### WORK ORDER
Write out the entries below exactly, but only from the line containing "A lady's early" through the line containing "Step into elegance", and without the pictures.

### SUPPLIED INFORMATION
◇ ◇ ◇

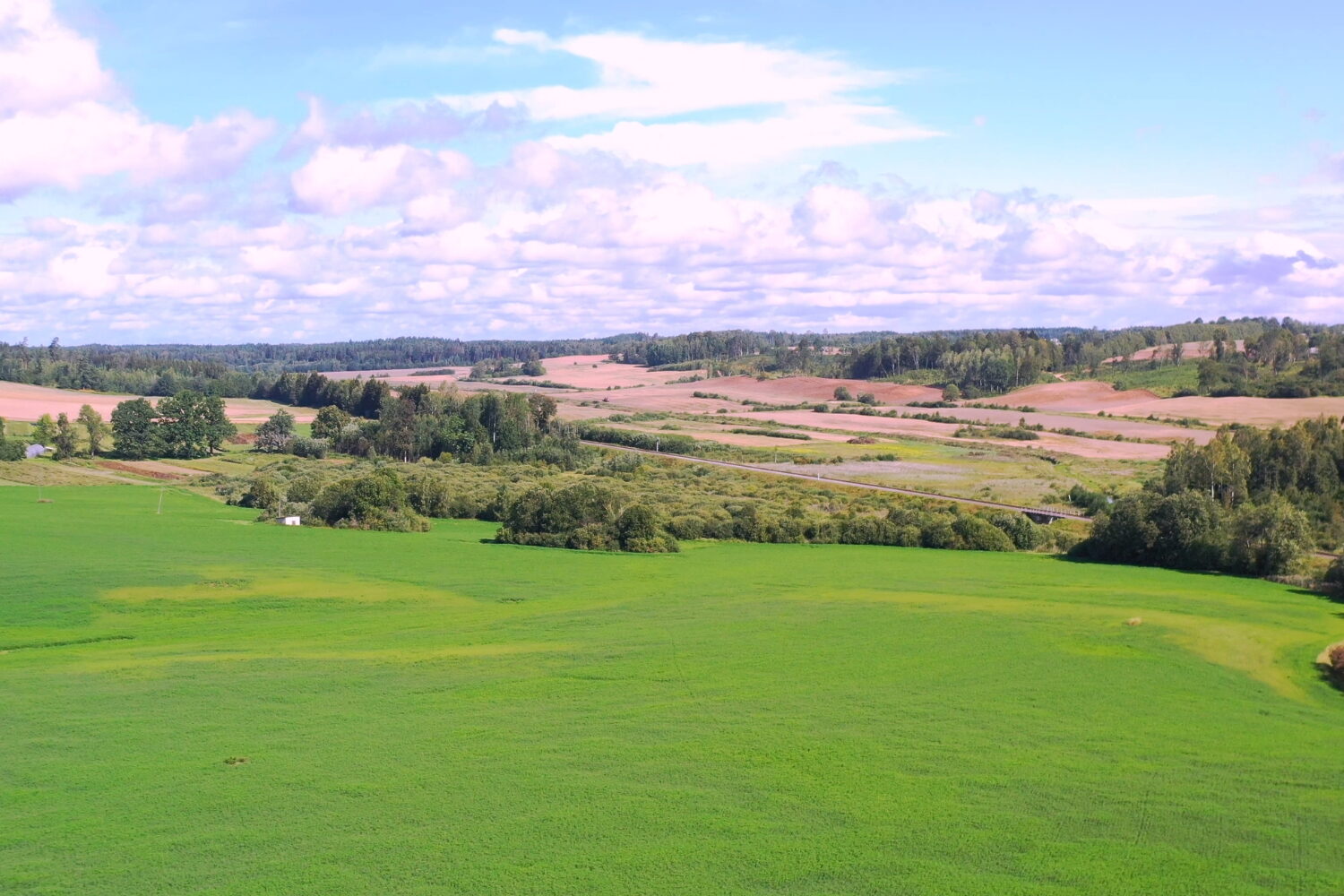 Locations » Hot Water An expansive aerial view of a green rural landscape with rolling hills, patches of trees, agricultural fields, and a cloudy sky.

◇ ◇ ◇

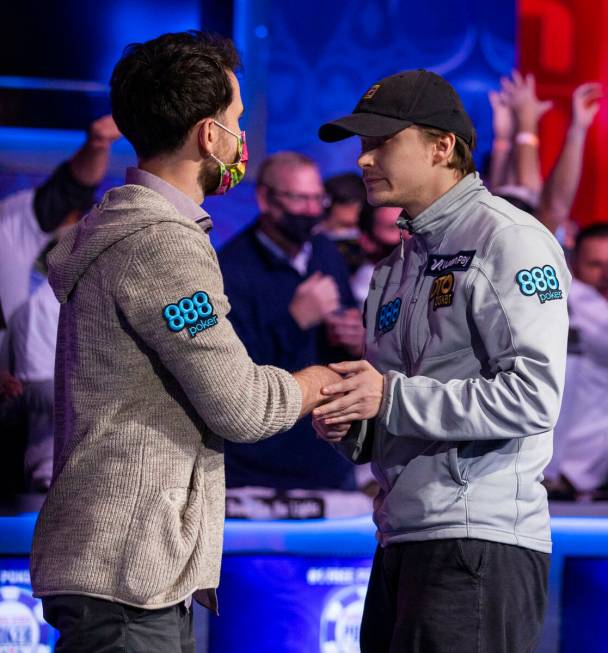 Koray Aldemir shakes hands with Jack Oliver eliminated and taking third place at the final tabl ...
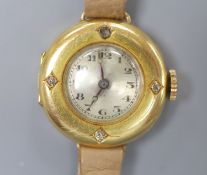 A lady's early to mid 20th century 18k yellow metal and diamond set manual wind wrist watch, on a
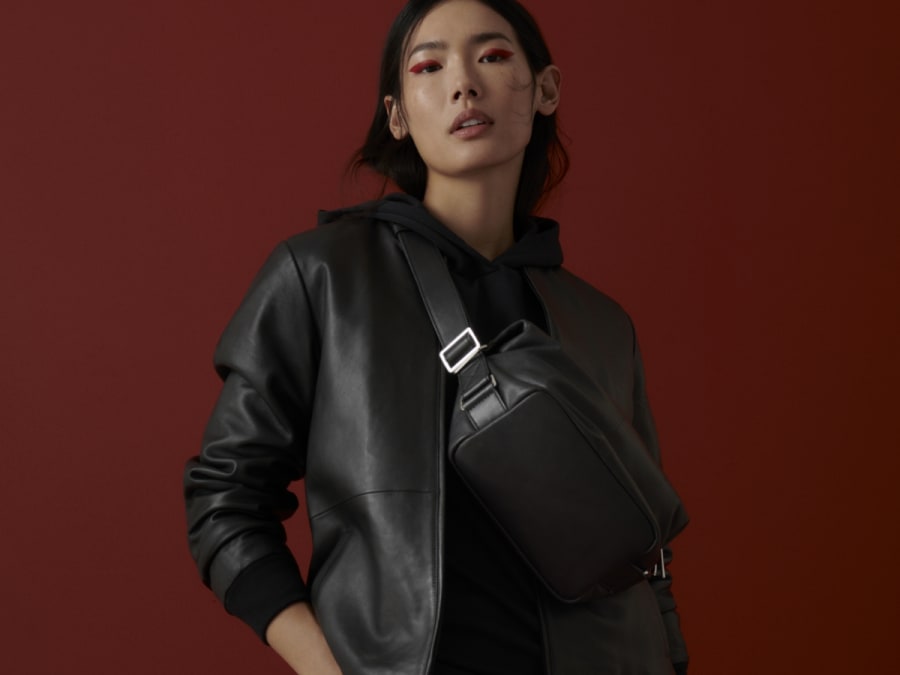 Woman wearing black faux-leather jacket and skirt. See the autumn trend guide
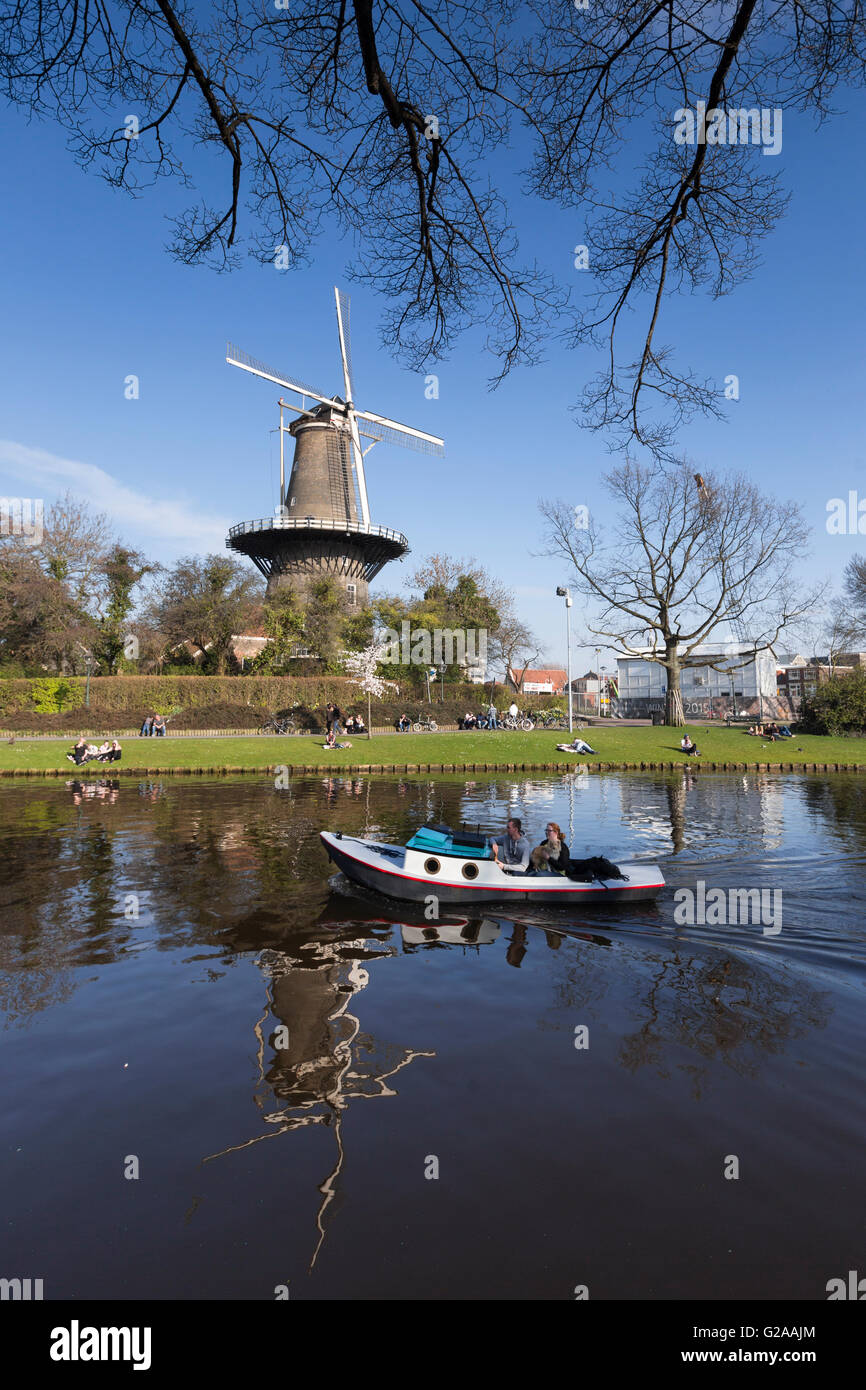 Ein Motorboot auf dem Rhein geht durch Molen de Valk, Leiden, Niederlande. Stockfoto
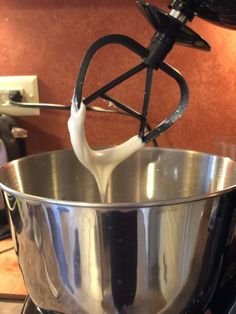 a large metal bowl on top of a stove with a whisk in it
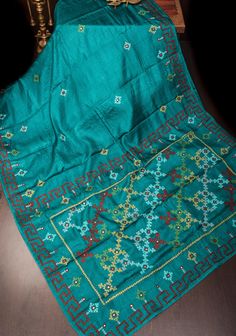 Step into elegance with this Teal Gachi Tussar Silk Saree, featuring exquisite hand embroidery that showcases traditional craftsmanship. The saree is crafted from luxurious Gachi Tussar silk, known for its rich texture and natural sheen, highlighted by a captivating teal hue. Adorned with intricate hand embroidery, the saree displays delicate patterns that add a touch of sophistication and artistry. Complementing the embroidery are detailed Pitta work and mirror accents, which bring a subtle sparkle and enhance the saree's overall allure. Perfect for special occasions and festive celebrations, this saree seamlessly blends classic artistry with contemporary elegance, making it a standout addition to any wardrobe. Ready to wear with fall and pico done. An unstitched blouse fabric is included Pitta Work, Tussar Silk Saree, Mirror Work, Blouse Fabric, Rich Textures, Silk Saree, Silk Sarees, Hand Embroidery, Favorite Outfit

◇ ◇ ◇

### COMPLETED TASK
 A lady's early to mid 20th century 18k yellow metal and diamond set manual wind wrist watch, on a
 Woman wearing black faux-leather jacket and skirt. See the autumn trend guide
 Ein Motorboot auf dem Rhein geht durch Molen de Valk, Leiden, Niederlande. Stockfoto
 a large metal bowl on top of a stove with a whisk in it
 Step into elegance with this Teal Gachi Tussar Silk Saree, featuring exquisite hand embroidery that showcases traditional craftsmanship. The saree is crafted from luxurious Gachi Tussar silk, known for its rich texture and natural sheen, highlighted by a captivating teal hue. Adorned with intricate hand embroidery, the saree displays delicate patterns that add a touch of sophistication and artistry. Complementing the embroidery are detailed Pitta work and mirror accents, which bring a subtle sparkle and enhance the saree's overall allure. Perfect for special occasions and festive celebrations, this saree seamlessly blends classic artistry with contemporary elegance, making it a standout addition to any wardrobe. Ready to wear with fall and pico done. An unstitched blouse fabric is included Pitta Work, Tussar Silk Saree, Mirror Work, Blouse Fabric, Rich Textures, Silk Saree, Silk Sarees, Hand Embroidery, Favorite Outfit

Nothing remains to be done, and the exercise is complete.